Penerbitan majalah dengan menggunakan bahasa Arab Pegon terbilang sebagai terobosan. Karena itu, dengan natusiasme dan rasa percaya diri, sekumpulan anak muda NU yang terhimpun dalam Yayasan At-Turots Indonesia (YAI) menemui berbagai tokoh NU yang hadir di Makassar, agar mengenal produk yang mereka luncurkan.
Kepada NU Online, Pemimpin Perusahaan Majalah At-Turots, Muhammad Afifuddin mengemukakan, majalah tersebut hadir sebagai respons atas kegelisahan warga NU, terutama yang berkiprah di pesantren, atas semakin memudarnya tradisi Arab Pegon di lingkungan pesantren-pesantren NU.
“Penerbitan majalah Arab Pegon ini sebagai respons atas kegelisahan kiai-kiai NU di Jateng dan DIY atas semakin memudarnya tradisi Arab Pegon di lingkungan pesantren. Media ini diharapkan sebagai wahana untuk melestarikan kembali tradisi Pegon,” papar Afifuddin.

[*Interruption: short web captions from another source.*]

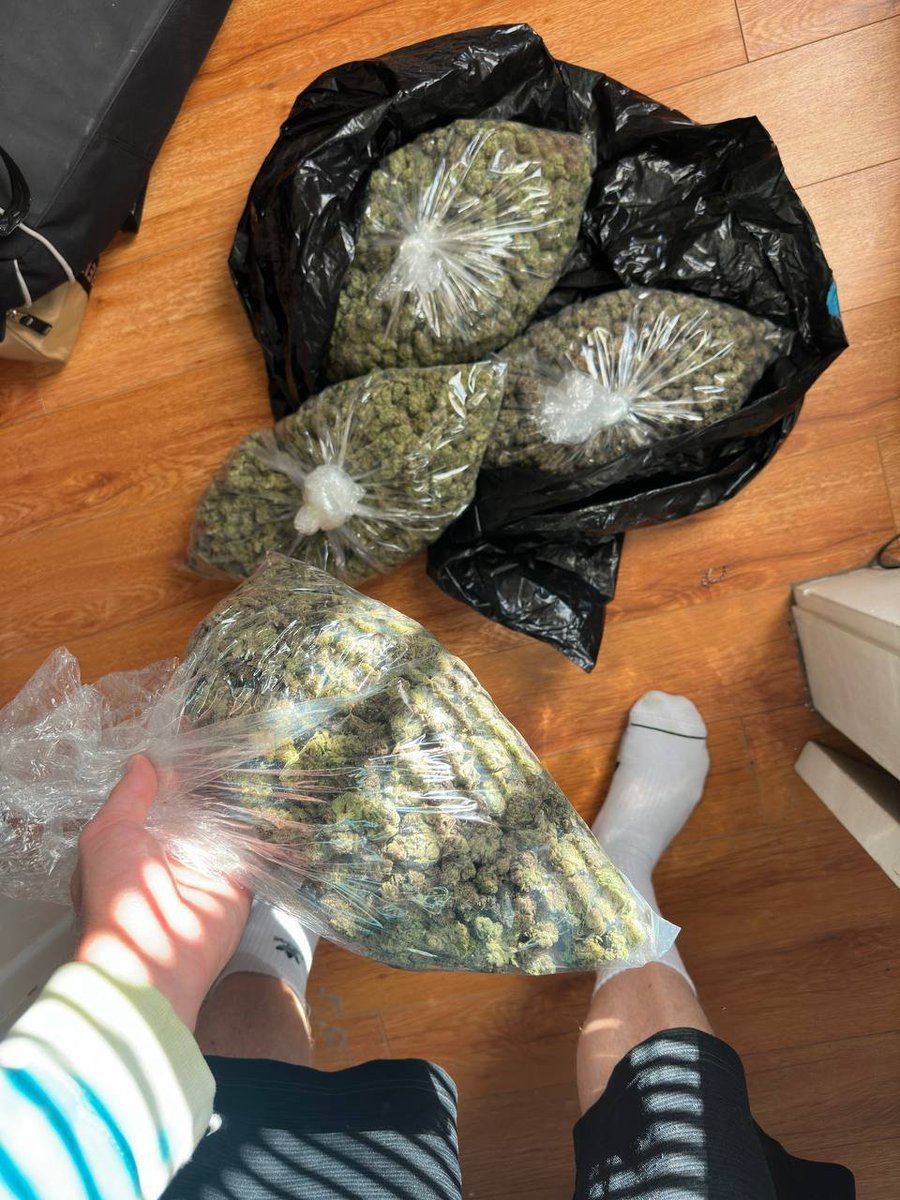 GreencloudCO's tweet photo. Weed Detroit Weed Grand Rapids Weed Warren Weed Sterling Heights Weed Ann Arbor Weed Lansing Weed Flint Weed Dearborn Weed Livonia Weed Troy Weed Kalamazoo Weed Saginaw Weed Holland Weed Battle Creek Weed Muskegon https://t.co/yH5b5vp4N8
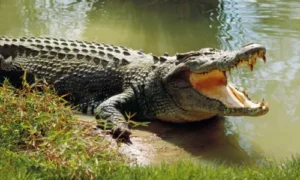 Saltwater crocodile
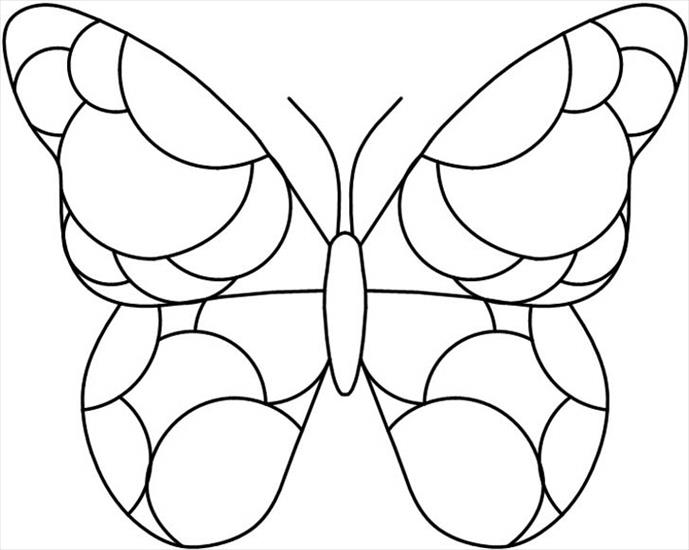 MOTYLKI I OWADY - butterfly15.jpg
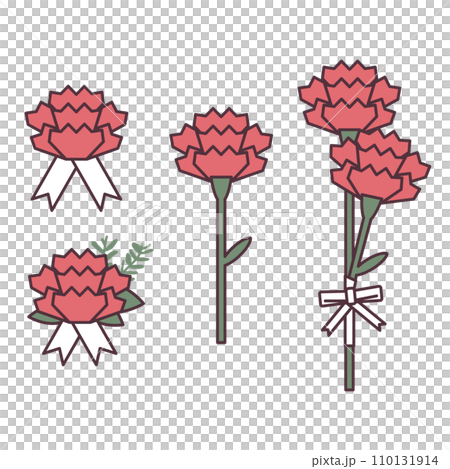 carnation illustration 110131914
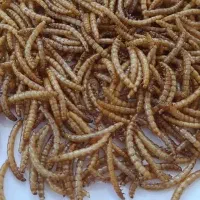 میلورم زنده و خشک و لارو مگس سرباز خشک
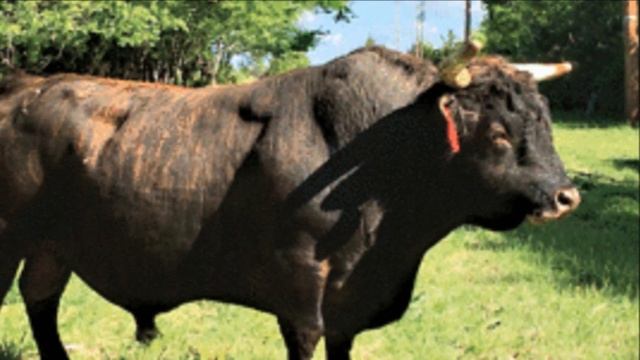 Доращивание и Откорм Бычков на Барде | Мясное скотоводство | Откорм крупного рогатого скота | КРС смотреть онлайн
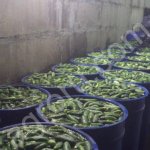 Миницеха для консервирования огурца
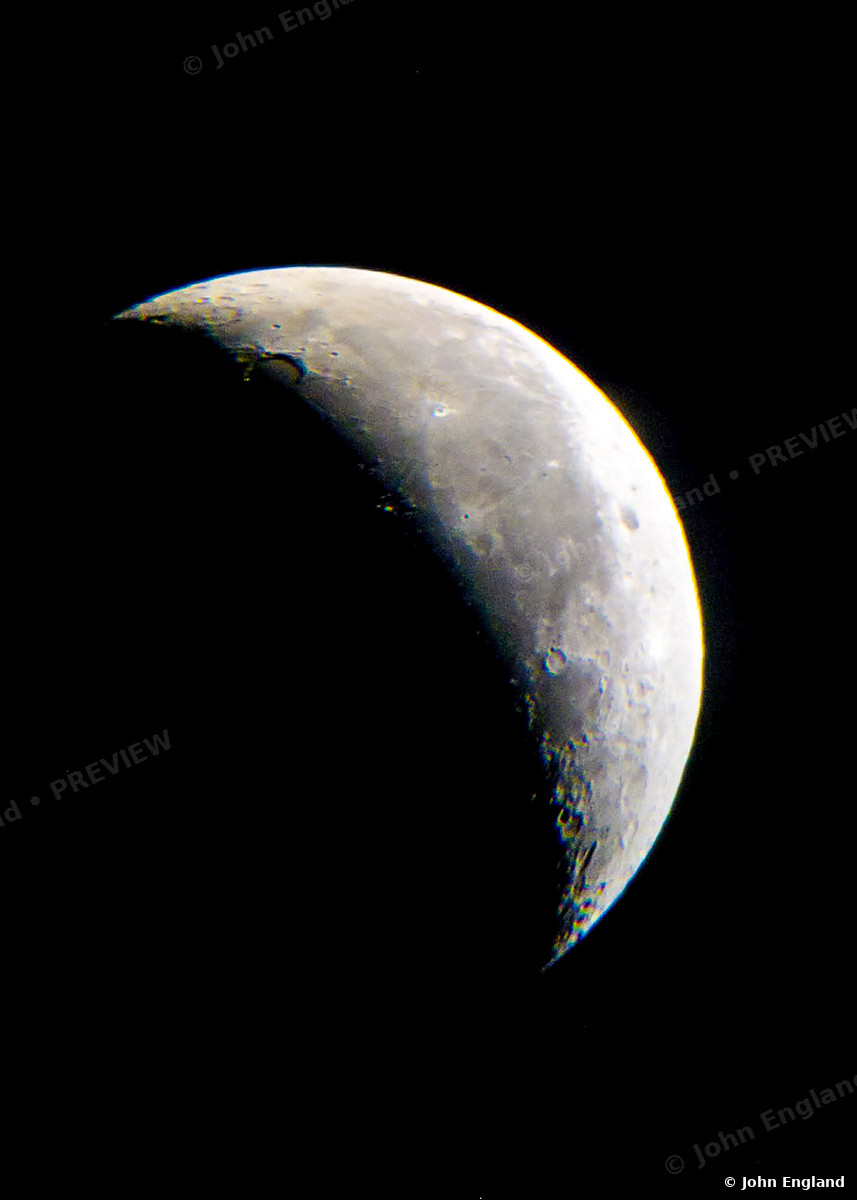 Crescent Detail – Crescent moon with crisp terminator craters on black.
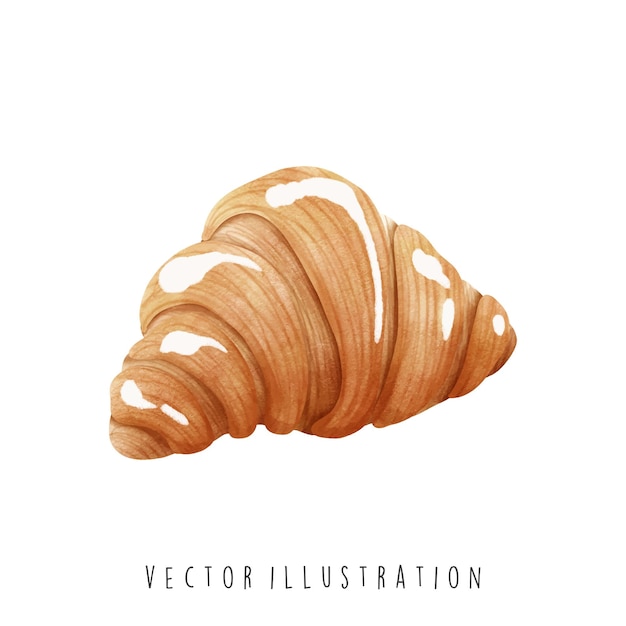 Vector croissant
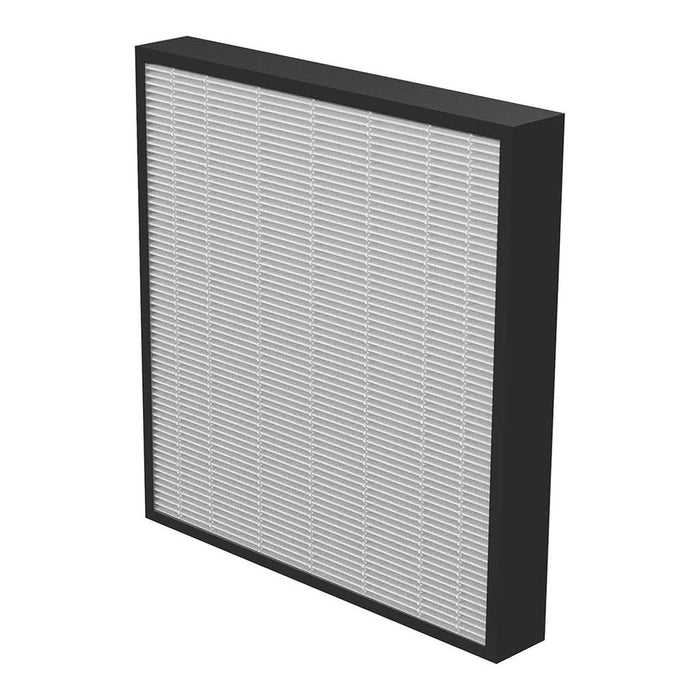 AeraMax PRO AM3-4 HEPA Filter with Antimicrobial Treatment, Pack of 2 FPF9416602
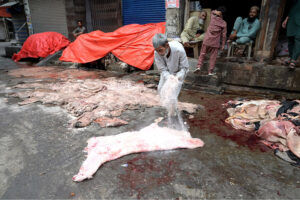 RWMC worker collecting the animal waste from the roadside on the 2nd day of Eid Ul Azha at 6th Road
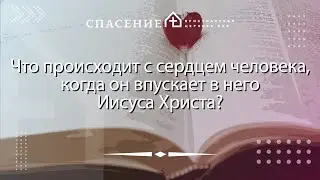 «Что происходит с сердцем человека, когда он впускает в него Иисуса Христа?» Иван Тупиков 08.09.2024
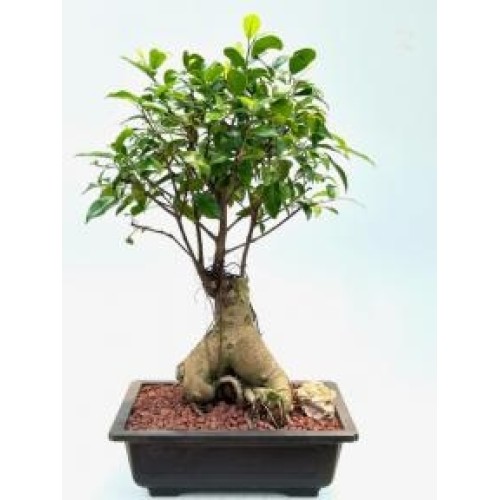 Ginseng Ficus Bonsai Tree
(ficus retusa)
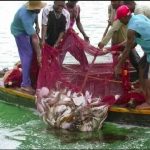 fishing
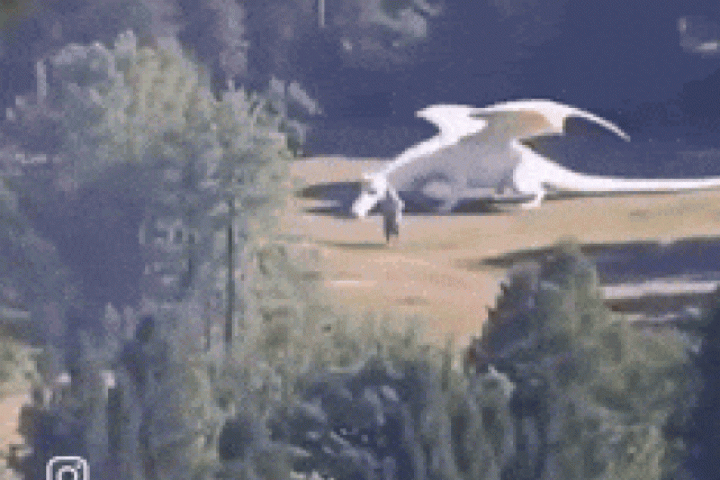 Thực hư đoạn video 'rồng trắng được nuôi bí mật' ở Trung Quốc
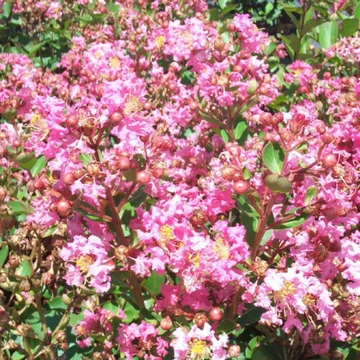 Lagerstroemia indica 'Hopi' – Kínai selyemmirtusz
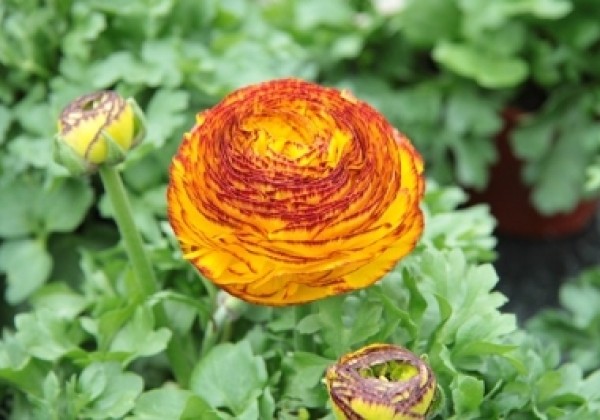 Ranunculus asiaticus Gambit Bicolor Red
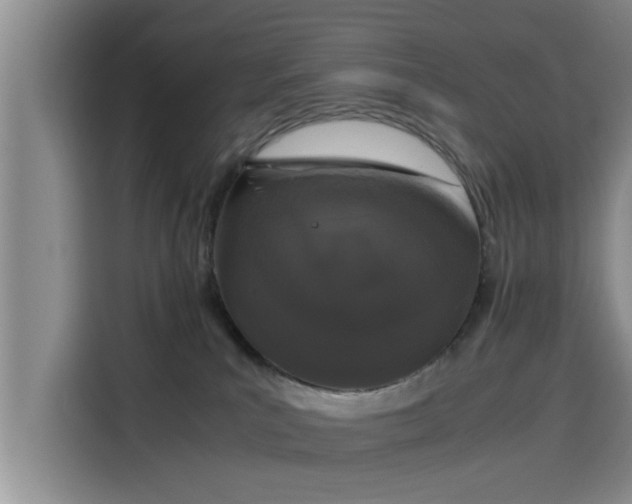 X0000115660039200911191014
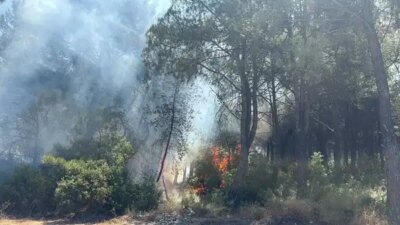 İzmir’in 2 ilçesindeki orman yangınlarına ait 2 gözaltı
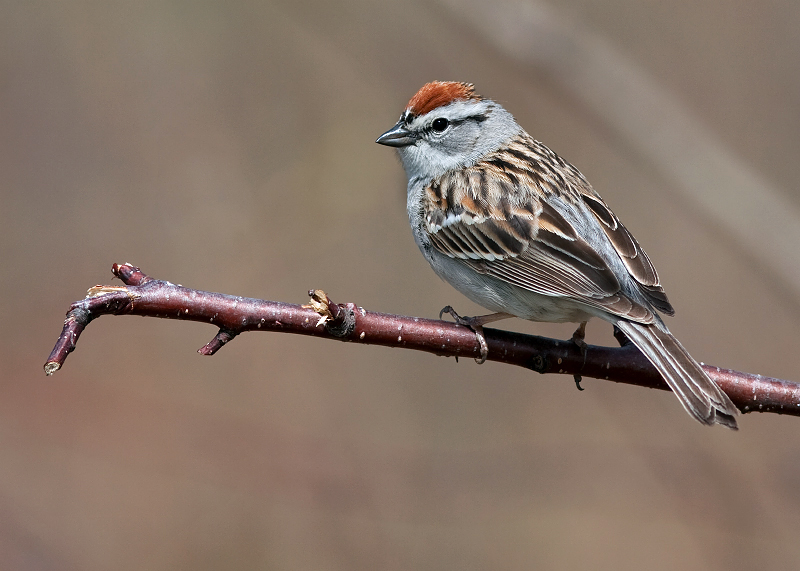 Chipping Sparrow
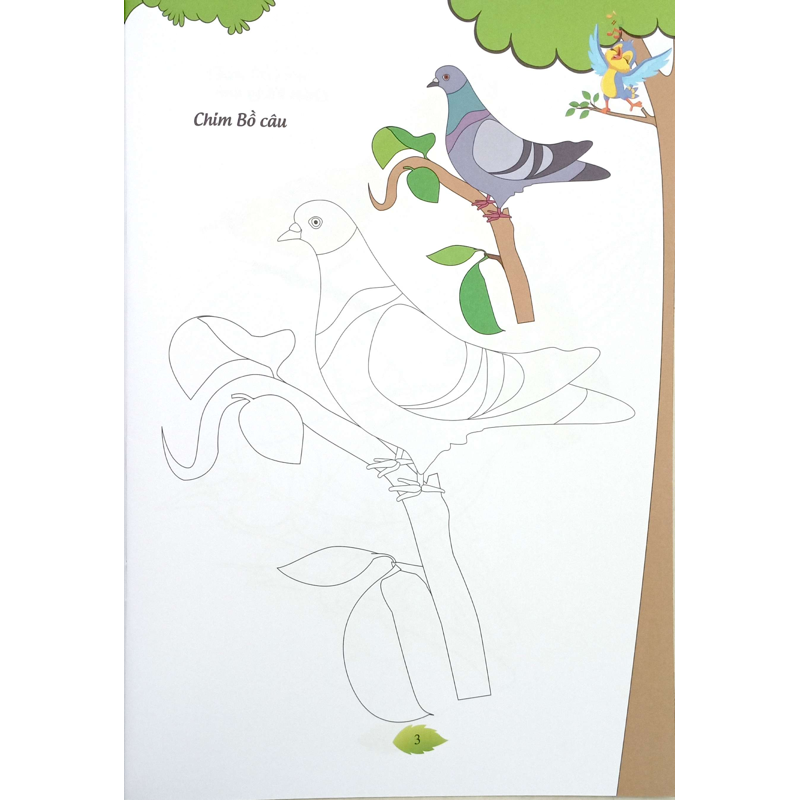 Bé Tập Tô Màu - Các Loài Chim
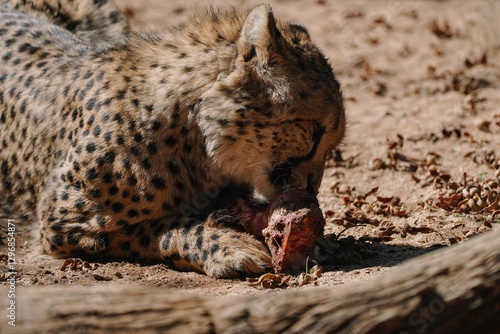 Photography Wild cat Cheetah feeding in one of african nature reserves in Namibia
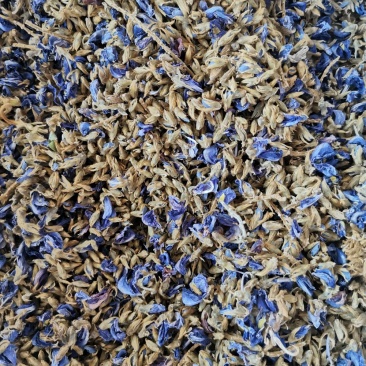 野生葛花（青藤花）大花，欢迎咨询订购，火爆出货中
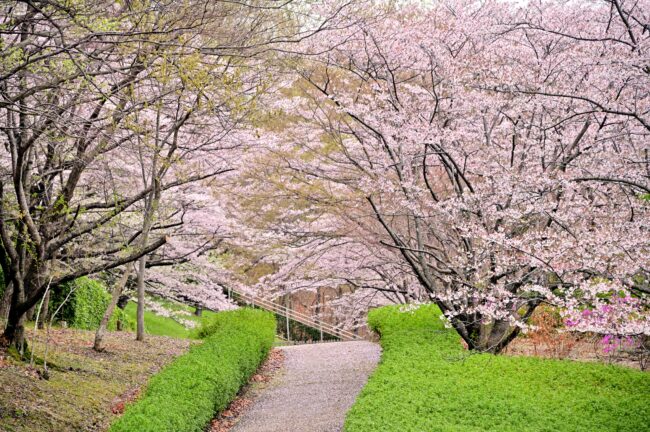 あつぎつつじの丘公園のサクラの写真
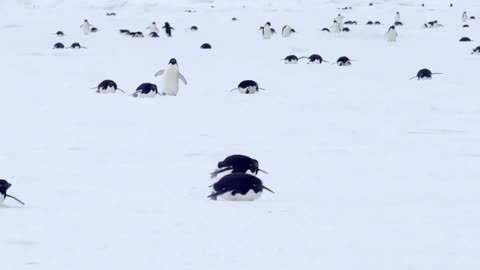 Adélie penguins tobogganing and waddling on the sea ice 🐧🐧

Arab Pegon merupakan tradisi tulis menulis dengan bahasa Arab yang bias dipraktikkan santri pesantren salafiyah. Arab Pegon dikenal juga dengan istilah Arab Melayu. Meskipun penulisannya memakai aksara Arab, pembacaannya menggunakan tata bahasa Indonesia.
Sejatinya Arab Pegon menggunakan bahasa Melayu yang penulisannya menggunakan aksara Arab. Tradisi Arab Pegon banyak dijumpai di pesantren-pesantren di Pulau Jawa. Karena itu Arab Pegon kerap juga disebut dengan Arab Jawi.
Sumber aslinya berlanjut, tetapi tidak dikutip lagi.